Ex-Dividends To Watch: 3 Stocks Going Ex-Dividend Tomorrow: WRI, NLSN, ANF

Editor's Note: Any reference to TheStreet Ratings and its underlying recommendation does not reflect the opinion of TheStreet, Inc. or any of its contributors including Jim Cramer or Stephanie Link.

Tomorrow, Tuesday, March 4, 2014, 5:00 AM ET, 8 U.S. common stocks are scheduled to go ex-dividend. The dividend yields on these stocks range from 0.7% to 11.4%. All of these stocks can be found on our stocks going ex-dividend section of our dividend calendar.

Highlighted Stocks Going Ex-Dividend Tomorrow:

Weingarten Realty Investors

Owners of Weingarten Realty Investors (NYSE: WRI) shares as of market close today will be eligible for a dividend of 32 cents per share. At a price of $30.49 as of 9:35 a.m. ET, the dividend yield is 4.2%.

The average volume for Weingarten Realty Investors has been 810,700 shares per day over the past 30 days. Weingarten Realty Investors has a market cap of $3.7 billion and is part of the real estate industry. Shares are up 11.2% year-to-date as of the close of trading on Friday.

STOCKS TO BUY: TheStreet Quant Ratings has identified a handful of stocks that can potentially TRIPLE in the next 12 months. Learn more.

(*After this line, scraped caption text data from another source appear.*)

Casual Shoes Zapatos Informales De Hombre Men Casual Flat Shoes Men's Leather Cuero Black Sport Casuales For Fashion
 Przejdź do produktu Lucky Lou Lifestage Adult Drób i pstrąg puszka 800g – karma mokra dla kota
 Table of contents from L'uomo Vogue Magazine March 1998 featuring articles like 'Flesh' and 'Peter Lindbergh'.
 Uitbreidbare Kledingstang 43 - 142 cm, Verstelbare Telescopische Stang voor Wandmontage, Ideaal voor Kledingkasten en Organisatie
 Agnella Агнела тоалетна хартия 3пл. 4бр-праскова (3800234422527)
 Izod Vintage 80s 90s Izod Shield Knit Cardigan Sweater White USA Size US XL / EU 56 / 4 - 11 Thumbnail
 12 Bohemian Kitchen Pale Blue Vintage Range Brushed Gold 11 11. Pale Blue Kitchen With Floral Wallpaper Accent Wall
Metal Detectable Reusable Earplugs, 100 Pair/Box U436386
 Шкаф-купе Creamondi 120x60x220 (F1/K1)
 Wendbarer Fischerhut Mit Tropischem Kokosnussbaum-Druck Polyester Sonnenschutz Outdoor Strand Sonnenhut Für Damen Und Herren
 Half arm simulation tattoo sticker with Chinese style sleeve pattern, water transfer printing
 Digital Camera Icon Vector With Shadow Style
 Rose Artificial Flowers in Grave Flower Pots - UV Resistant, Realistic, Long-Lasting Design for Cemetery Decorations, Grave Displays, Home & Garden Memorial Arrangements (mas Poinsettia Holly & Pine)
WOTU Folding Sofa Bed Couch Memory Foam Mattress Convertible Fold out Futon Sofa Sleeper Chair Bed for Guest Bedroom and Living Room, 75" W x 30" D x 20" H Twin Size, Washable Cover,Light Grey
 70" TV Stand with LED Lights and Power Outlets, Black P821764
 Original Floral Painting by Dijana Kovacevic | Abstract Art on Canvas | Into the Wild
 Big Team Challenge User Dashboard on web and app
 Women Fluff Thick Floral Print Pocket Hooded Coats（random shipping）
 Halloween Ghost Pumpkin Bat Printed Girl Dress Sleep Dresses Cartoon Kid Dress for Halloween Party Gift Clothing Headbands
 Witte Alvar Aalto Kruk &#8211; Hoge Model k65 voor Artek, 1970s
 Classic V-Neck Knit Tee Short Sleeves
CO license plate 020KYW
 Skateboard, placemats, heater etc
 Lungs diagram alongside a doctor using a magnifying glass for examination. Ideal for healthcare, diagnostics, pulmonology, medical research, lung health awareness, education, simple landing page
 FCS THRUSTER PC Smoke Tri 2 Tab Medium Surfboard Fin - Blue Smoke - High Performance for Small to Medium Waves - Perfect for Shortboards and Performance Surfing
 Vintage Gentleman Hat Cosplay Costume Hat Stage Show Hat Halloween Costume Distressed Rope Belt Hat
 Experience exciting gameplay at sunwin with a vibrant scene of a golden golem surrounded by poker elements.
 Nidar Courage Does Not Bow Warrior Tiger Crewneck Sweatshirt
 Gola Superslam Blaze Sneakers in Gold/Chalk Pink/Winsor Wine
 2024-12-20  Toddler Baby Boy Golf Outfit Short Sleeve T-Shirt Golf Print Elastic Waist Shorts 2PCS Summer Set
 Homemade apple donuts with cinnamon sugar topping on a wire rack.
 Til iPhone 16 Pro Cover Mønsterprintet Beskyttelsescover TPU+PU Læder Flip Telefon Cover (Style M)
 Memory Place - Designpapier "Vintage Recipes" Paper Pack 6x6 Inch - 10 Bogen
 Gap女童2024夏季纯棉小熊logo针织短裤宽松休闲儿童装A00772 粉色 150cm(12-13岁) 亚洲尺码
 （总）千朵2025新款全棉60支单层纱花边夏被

Weingarten Realty Investors is a publically owned equity real estate investment trust. The firm invests in the real estate markets of United States. The firm engages in ownership, management, acquisition, development and redevelopment. The company has a P/E ratio of 39.90.

TheStreet Ratings rates Weingarten Realty Investors as a buy. The company's strengths can be seen in multiple areas, such as its robust revenue growth, impressive record of earnings per share growth, expanding profit margins, increase in stock price during the past year and notable return on equity. We feel these strengths outweigh the fact that the company has had sub par growth in net income. You can view the full Weingarten Realty Investors Ratings Report now.

Nielsen Holdings

Owners of Nielsen Holdings (NYSE: NLSN) shares as of market close today will be eligible for a dividend of 20 cents per share. At a price of $46.98 as of 9:35 a.m. ET, the dividend yield is 1.7%.

The average volume for Nielsen Holdings has been 2.4 million shares per day over the past 30 days. Nielsen Holdings has a market cap of $17.7 billion and is part of the computer software & services industry. Shares are up 3.2% year-to-date as of the close of trading on Friday.

STOCKS TO BUY: TheStreet Quant Ratings has identified a handful of stocks that can potentially TRIPLE in the next 12 months. Learn more.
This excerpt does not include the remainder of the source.